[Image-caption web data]
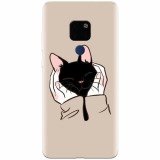 Husa silicon pentru Huawei Mate 20, Th Black Cat In Hands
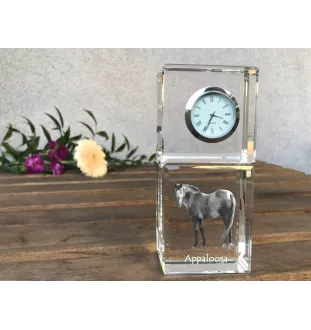 Appaloosa - montre en cristal avec photo, photo de cheval dans le cristal, horloge de bureau personnalisée de la marque Art-Dog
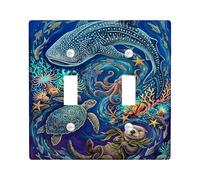Placa de cubierta de interruptor de luz doble, diseño de ballena, océano, tortuga, pulpo, verano, azul, plástico, tamaño estándar, placas de interruptor de pared, acentos para nuevo apartamento, hogar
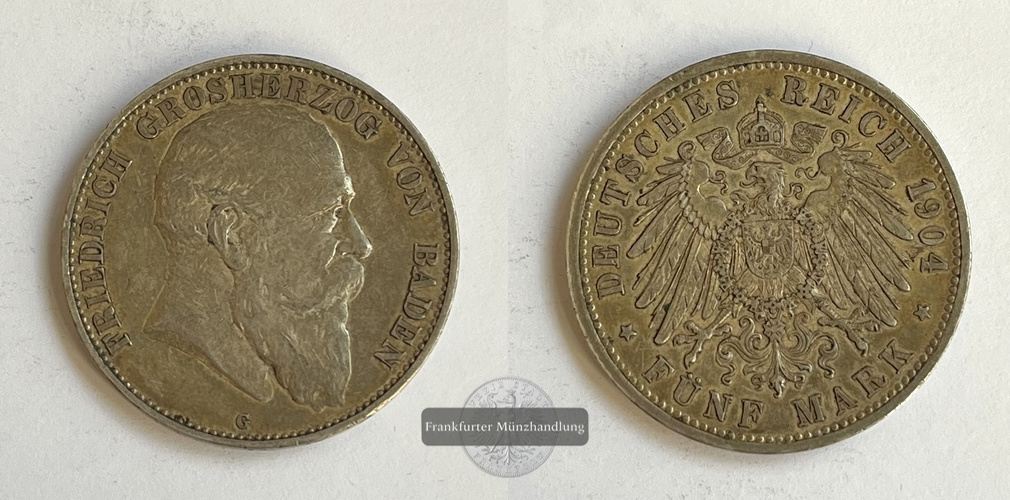  Deutschland Baden Kaiserreich 5 Mark 1904 G Friedrich I. 1856-1907 FM-Frankfurt Feinsilber: 25g   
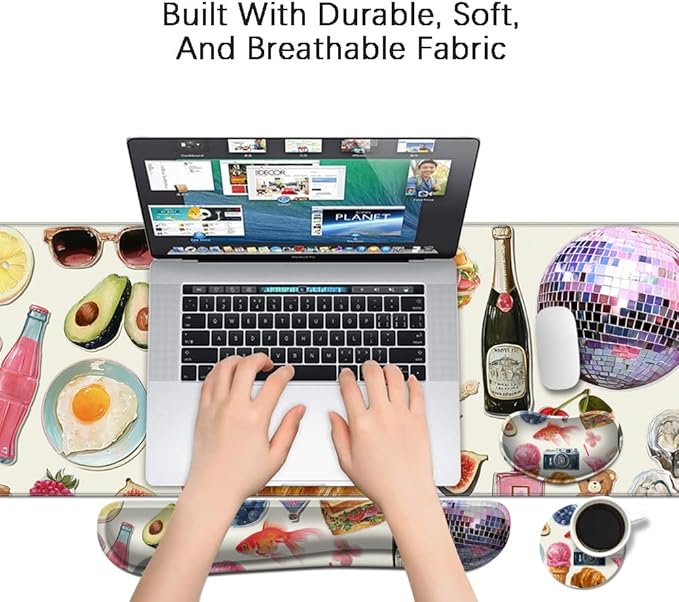 MIBITRI Keyboard Mouse Pad Set, Extended Gaming Mouse Pad+Ergonomics Keyboard Wrist Rest Support, Memory Foam, Easy Typing Pain Relief, 4Pcs XXL Ultra Thick Desk Mat, Collage Lovely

WORK INSTRUCTION:
All that should be returned is the run of lines from the start of the entries above to the line bearing "Appaloosa - montre", each exact, with pictures omitted.

TASK RESPONSE:
 Husa silicon pentru Huawei Mate 20, Th Black Cat In Hands
 Appaloosa - montre en cristal avec photo, photo de cheval dans le cristal, horloge de bureau personnalisée de la marque Art-Dog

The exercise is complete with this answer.